And now for something different... multipage scanned images

Larry Masinter (masinter@parc.xerox.com)
Fri, 13 Aug 1993 22:54:10 PDT


I've been puzzling how to reasonably integrate into WWW and XMosaic
access to multi-page documents that are *only* available as multi-page
images. We (and a number of other organizations) have large
collections of documents that are only available currently on paper.

Some of them are just a few pages; many reports are 40-50 pages, and,
of course, many books are hundreds of pages.

It is reasonable -- at least as reasonable as sending talk radio -- to
think about reading books on a high-resolution screen across the
internet.

The question is, how to build this kind of access into WWW.

The first thing to realize is that it isn't reasonable to transfer the
entire document before starting to read it. That might work for
something that is a page or two, but doesn't work well at all for a
30-40 page report, and much less for a 300 page book.

A typical page image scanned at 300 DPI binary and compressed with T.6
(Group 4) compression might be 30-50K bytes.

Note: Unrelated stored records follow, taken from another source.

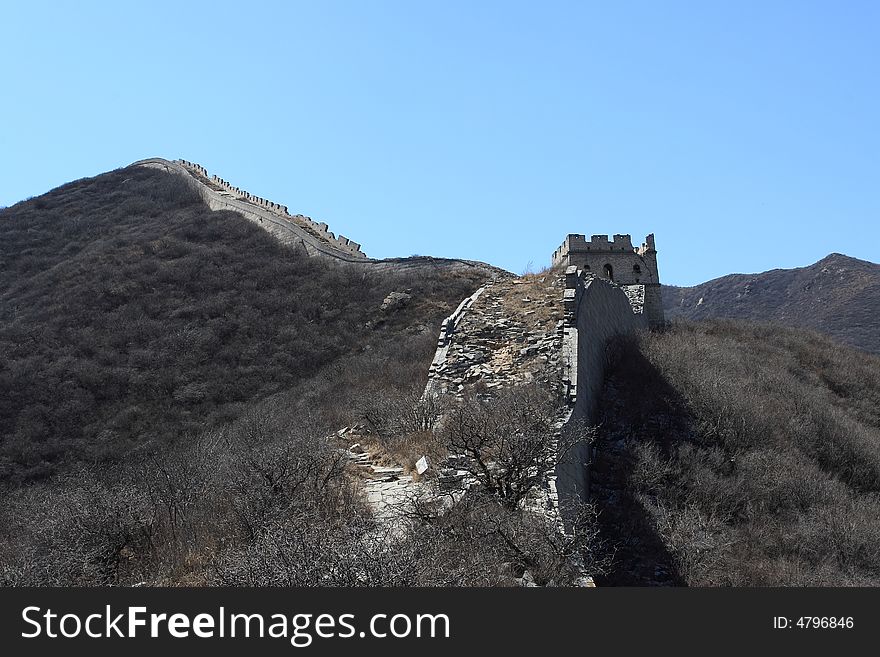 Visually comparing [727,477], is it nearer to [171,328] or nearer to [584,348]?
[584,348]

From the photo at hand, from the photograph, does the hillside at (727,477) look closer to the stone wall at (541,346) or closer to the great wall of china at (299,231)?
the stone wall at (541,346)

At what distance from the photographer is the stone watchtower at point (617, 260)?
92.7ft

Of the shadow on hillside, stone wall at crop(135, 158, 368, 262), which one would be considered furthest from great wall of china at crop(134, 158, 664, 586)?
stone wall at crop(135, 158, 368, 262)

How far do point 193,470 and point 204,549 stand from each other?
3690 mm

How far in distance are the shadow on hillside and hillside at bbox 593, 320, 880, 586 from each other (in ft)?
0.08

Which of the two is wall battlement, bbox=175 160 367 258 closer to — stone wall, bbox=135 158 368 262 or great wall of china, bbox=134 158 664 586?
stone wall, bbox=135 158 368 262

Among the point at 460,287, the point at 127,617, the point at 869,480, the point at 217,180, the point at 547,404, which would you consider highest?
the point at 217,180

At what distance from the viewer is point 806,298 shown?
69812 millimetres

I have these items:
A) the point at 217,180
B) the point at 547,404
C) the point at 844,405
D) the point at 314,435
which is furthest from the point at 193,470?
the point at 217,180

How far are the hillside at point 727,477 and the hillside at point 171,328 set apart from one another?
5666 millimetres

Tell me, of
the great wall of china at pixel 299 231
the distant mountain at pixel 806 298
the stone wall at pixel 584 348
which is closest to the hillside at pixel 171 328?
the great wall of china at pixel 299 231

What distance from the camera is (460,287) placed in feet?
101

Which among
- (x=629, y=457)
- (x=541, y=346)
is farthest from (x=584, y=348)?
(x=629, y=457)

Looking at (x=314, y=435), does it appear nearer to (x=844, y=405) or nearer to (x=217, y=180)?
(x=844, y=405) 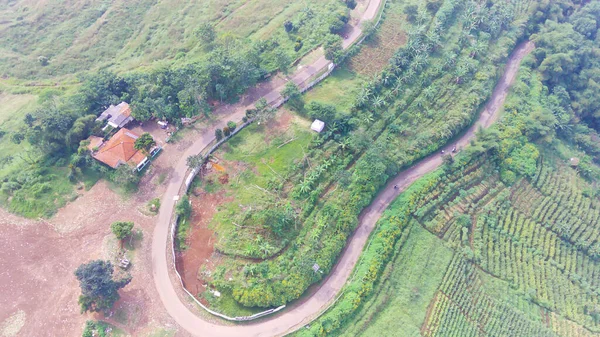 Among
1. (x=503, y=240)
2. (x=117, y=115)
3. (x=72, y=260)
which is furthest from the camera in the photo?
(x=117, y=115)

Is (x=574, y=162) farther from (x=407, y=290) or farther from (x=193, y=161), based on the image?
(x=193, y=161)

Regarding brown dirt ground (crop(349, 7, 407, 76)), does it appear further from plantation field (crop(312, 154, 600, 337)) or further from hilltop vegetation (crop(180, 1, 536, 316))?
plantation field (crop(312, 154, 600, 337))

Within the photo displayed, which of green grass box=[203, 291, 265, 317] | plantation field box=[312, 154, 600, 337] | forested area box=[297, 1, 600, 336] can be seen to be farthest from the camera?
plantation field box=[312, 154, 600, 337]

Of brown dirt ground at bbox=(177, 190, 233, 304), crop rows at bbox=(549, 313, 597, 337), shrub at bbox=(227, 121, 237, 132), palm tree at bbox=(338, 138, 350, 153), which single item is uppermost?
shrub at bbox=(227, 121, 237, 132)

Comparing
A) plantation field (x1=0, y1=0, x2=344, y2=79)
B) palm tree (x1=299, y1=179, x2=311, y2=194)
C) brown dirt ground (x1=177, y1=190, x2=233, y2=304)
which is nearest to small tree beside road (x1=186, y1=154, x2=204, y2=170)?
brown dirt ground (x1=177, y1=190, x2=233, y2=304)

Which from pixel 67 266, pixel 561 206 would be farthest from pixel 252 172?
pixel 561 206

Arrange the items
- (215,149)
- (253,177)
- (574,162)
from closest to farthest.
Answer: (253,177) < (215,149) < (574,162) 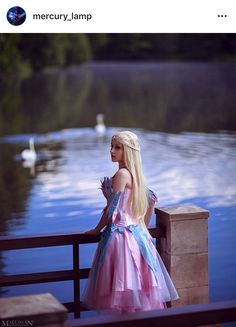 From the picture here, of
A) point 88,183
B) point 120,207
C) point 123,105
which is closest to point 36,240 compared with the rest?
point 120,207

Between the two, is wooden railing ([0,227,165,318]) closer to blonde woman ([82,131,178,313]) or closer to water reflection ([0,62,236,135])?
blonde woman ([82,131,178,313])

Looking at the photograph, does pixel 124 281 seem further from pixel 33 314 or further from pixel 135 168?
pixel 33 314

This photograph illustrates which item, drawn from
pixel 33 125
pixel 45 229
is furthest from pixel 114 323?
pixel 33 125

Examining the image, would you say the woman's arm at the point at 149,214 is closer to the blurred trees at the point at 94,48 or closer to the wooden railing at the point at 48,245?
the wooden railing at the point at 48,245

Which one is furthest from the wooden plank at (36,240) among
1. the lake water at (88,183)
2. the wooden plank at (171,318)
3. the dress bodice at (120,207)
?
the lake water at (88,183)

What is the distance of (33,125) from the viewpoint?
73.2 feet

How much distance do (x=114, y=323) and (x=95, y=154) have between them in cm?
1348

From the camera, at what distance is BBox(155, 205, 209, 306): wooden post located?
4699 mm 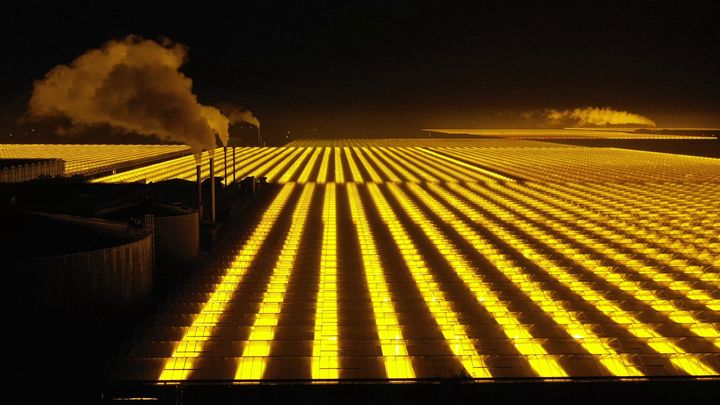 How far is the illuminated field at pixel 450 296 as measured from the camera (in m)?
10.9

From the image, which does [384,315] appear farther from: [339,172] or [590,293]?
[339,172]

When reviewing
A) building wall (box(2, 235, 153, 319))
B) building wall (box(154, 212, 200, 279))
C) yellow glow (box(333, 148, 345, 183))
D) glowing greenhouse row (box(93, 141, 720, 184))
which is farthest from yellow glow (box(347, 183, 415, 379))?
yellow glow (box(333, 148, 345, 183))

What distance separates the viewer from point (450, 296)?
15.2 m

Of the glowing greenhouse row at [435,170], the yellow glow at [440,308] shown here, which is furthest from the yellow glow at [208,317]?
the glowing greenhouse row at [435,170]

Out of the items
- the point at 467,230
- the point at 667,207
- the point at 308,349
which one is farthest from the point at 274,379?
the point at 667,207

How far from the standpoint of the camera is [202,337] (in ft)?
40.3

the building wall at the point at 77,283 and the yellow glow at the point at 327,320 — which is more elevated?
the building wall at the point at 77,283

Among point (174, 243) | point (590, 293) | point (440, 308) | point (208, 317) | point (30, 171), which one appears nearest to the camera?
point (208, 317)

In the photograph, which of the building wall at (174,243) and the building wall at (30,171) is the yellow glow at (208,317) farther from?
the building wall at (30,171)

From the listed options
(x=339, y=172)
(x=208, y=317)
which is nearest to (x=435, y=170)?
(x=339, y=172)

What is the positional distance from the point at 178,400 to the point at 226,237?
1318 centimetres

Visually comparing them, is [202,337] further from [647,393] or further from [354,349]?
[647,393]

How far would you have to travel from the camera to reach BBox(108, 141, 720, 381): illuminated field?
10.9m

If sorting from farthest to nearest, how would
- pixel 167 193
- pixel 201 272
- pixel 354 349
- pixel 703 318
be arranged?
pixel 167 193
pixel 201 272
pixel 703 318
pixel 354 349
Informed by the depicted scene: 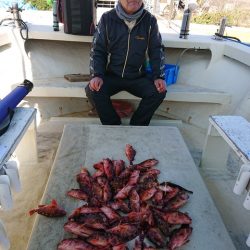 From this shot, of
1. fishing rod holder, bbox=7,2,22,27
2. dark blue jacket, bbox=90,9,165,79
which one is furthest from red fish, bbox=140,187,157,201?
fishing rod holder, bbox=7,2,22,27

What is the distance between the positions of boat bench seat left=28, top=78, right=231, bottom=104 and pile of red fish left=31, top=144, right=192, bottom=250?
61.4 inches

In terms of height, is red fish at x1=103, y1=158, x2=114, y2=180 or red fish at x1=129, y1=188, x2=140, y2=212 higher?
red fish at x1=103, y1=158, x2=114, y2=180

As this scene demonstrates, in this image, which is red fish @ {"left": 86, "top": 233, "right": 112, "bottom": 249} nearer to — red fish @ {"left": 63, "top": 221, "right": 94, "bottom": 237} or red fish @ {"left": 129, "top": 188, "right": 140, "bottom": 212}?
red fish @ {"left": 63, "top": 221, "right": 94, "bottom": 237}

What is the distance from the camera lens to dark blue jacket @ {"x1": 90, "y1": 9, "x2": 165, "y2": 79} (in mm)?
3158

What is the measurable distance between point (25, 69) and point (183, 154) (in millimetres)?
2584

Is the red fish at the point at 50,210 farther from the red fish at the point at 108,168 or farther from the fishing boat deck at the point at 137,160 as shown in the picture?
the red fish at the point at 108,168

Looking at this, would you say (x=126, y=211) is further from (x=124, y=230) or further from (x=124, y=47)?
(x=124, y=47)

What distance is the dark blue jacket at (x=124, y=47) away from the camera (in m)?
3.16

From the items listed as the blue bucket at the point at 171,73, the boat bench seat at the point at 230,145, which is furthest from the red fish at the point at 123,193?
the blue bucket at the point at 171,73

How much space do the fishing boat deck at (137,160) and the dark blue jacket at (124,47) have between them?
0.75 meters

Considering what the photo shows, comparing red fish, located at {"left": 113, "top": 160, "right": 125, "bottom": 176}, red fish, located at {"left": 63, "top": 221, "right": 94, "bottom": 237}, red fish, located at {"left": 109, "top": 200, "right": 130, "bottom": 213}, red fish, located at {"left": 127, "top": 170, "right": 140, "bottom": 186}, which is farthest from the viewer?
red fish, located at {"left": 113, "top": 160, "right": 125, "bottom": 176}

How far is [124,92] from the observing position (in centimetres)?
366

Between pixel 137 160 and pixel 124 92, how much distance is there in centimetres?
137

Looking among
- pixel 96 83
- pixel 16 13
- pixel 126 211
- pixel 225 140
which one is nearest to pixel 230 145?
pixel 225 140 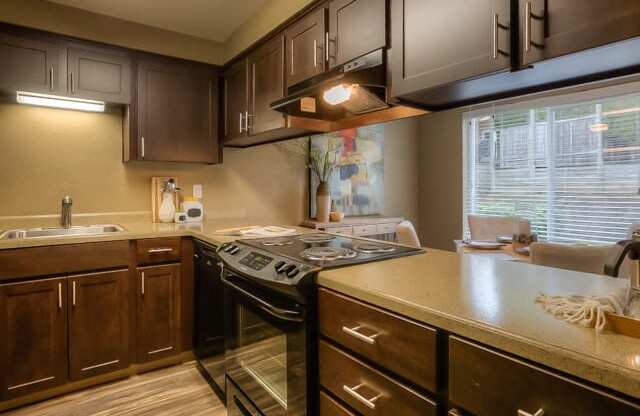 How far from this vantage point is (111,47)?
256 cm

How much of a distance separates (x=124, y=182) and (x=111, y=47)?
97 cm

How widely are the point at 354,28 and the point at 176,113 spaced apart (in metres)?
1.63

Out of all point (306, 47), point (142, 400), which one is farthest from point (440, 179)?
point (142, 400)

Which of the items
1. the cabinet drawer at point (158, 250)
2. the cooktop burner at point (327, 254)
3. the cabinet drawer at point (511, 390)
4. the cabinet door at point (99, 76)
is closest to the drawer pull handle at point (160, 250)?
the cabinet drawer at point (158, 250)

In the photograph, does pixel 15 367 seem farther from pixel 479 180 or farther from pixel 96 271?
pixel 479 180

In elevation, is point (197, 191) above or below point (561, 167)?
below

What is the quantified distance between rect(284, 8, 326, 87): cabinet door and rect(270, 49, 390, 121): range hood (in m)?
0.13

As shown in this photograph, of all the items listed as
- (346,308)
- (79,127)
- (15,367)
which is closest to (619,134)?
(346,308)

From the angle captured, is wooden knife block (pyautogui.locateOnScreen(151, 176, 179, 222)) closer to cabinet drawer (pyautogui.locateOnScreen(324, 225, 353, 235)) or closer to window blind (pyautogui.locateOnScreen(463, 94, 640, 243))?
cabinet drawer (pyautogui.locateOnScreen(324, 225, 353, 235))

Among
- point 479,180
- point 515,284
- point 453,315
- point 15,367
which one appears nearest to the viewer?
point 453,315

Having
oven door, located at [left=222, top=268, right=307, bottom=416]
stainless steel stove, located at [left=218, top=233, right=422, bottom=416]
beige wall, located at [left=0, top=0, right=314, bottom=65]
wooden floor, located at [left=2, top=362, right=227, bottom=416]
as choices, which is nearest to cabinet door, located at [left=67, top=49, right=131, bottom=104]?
beige wall, located at [left=0, top=0, right=314, bottom=65]

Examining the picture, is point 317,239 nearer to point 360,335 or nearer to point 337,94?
point 337,94

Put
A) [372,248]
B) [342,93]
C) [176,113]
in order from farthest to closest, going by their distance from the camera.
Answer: [176,113]
[342,93]
[372,248]

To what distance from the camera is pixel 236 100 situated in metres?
2.81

A couple of alternatives come to mind:

a) try to squeeze this into HTML+++ somehow.
I've thought of some possibilities here, along the lines of the
current discussion of online 'books' with chapters and indices, but
allowing for inline images to be retrieved as 300DPI compressed
binary, but decompressed and antialiased to grey by the client).

b) create a new document type application/bookreader, and a specific
application 'bookreader' which knows how to deal with 'books'. It
would be reasonable for a 'book' to consist just of a list of URLs or
URNs, one for each page, and build a special bookreader that retrieves
the images as you're reading the document online.

(a) seems hard, and I'm leaning toward (b). (b) has the slight
advantage that it can be shoehorned into systems that currently only
do 'gopher'. Have others thought of this issue? Opinions? Ideas?

-- Larry

p.s. it seems pretty clear that you can't get more concrete with
'presentation' than an image of the page.